Medical professionals sail towards the cruise ship MV Hondius in response to a deadly outbreak of hantavirus.AFP/Getty
Over the past four days, bettors on the prediction platform Polymarket have wagered nearly $3 million on whether we’ll see a hantavirus pandemic this year. A cluster of cases of a particularly deadly strain of the virus erupted on a cruise ship last month, killing three people out of eight suspected cases linked to the vessel. Though the news has stoked fears, the World Health Organization currently classifies the risk of a full-blown pandemic as low.
But Polymarket users are spending big across several hantavirus-related propositions—including whether a vaccine will be developed this year and whether or not officials will tie the cruise ship outbreak to a “lab leak.” Polymarket declined to comment on hantavirus betting.
“I want to be unequivocal here. This is not the start of a Covid pandemic,” said Maria Van Kerkhove, director of epidemic and pandemic management at the WHO, at a Thursday press conference. “This is not Covid, this is not influenza. It spreads very, very differently.”
Because outbreaks of this hantavirus strain have occurred before, infectious disease experts already know that the virus requires close contact to spread between people, and a person with the virus is only infectious for about a day. Just as those metrics allow public health officials to calibrate their response, they also inform how some online gamblers are placing their money.
Online gambling has been on the rise since sports betting was legalized by the Supreme Court in 2018, but the Covid pandemic gave it a huge boost. In 2020, sports betting revenues jumped up 69 percent over the previous year, though not too many sports events were happening.
But there were other bets to be placed, like how many people would die from Covid-19, a topic some people wagered on as early as April 2020. At the time, those bets were illegal, the subjects of online betting being more strictly regulated. But a 2024 court ruling took the rails off of websites known as prediction markets. Now, on mega-platforms like Polymarket and Kashi, users can bet on almost anything—including public health crises.
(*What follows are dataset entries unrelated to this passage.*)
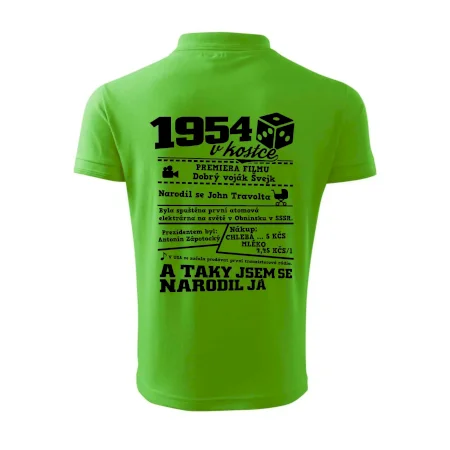 1954 v kostce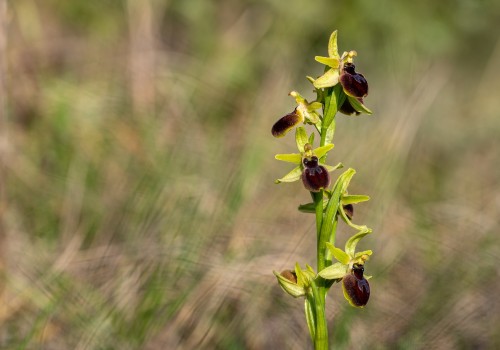 ophrys arachnitiformis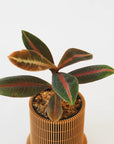 LABISIA PUMILA VerdiPot Bundle - VerdiPot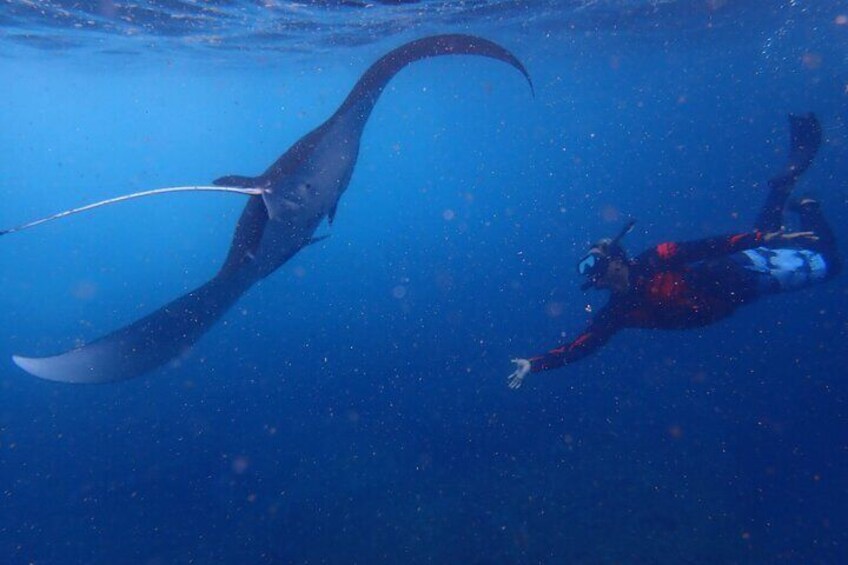 From Lembongan: Snorkeling Day Trip to Nusa Lembongan & nusa Penida island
“Anybody who’s betting on a viral spread, I’m going to…guess that they have an addiction problem when it comes to gambling,” says John W. Ayers, a public health professor at University of California, San Diego. “If someone is very addicted to gambling, they’re more likely to find themselves interacting with these more fringe things you could possibly bet on.”
For several years, public health experts have been concerned that gambling addictions are on the rise, though the exact numbers are hard to pin down. A study Ayers led that came out last year found that Google searches seeking help for gambling addiction jumped 23 percent nationwide since the legalization of sports betting. Other researchers estimate about 10 percent of men ages 18 to 30 have a problematic relationship to gambling.
Platforms like Kalshi and Polymarket grow based on use, helping the range of niche bets to multiply—and since taking off during the Covid pandemic, the prediction-market industry has multiplied in size many times. By 2030, it’s been estimated, prediction markets could grow to $1 trillion in annual trading volume.
That gambling is a public health issue in itself, Ayers says. Gambling addiction is correlated with other forms of addiction that are significant sources of premature deaths in the US. Financial stress isn’t great for your health, either.
“Culturally, it’s normalized, and now we give it this veneer of, ‘Oh, it’s not gambling. It’s a prediction market.’ Doesn’t matter,” Ayers says. “The harm still exists. Call it a prediction market or a sports book, you’re still losing money, and the house always wins on these bets.”
Unlike many other forms of addiction, gambling problems can often be invisible before someone hits rock bottom, especially now that most of these transactions are happening in an app. It is possible to regulate prediction markets and place barriers on addictive behaviors—some countries place limits on how many bets a person can take, restrict the use of credit cards, or institute mandatory rest periods between bets—but right now, the US more or less doesn’t. Instead, we bet on everything: viruses included.
“The fact that people will gamble on these things indicates to me the larger societal problem—everything becomes an opportunity for monetization,” Ayers says.
Or as Donald Trump put it earlier this year, “the whole world, unfortunately, has become somewhat of a casino…it is what it is.”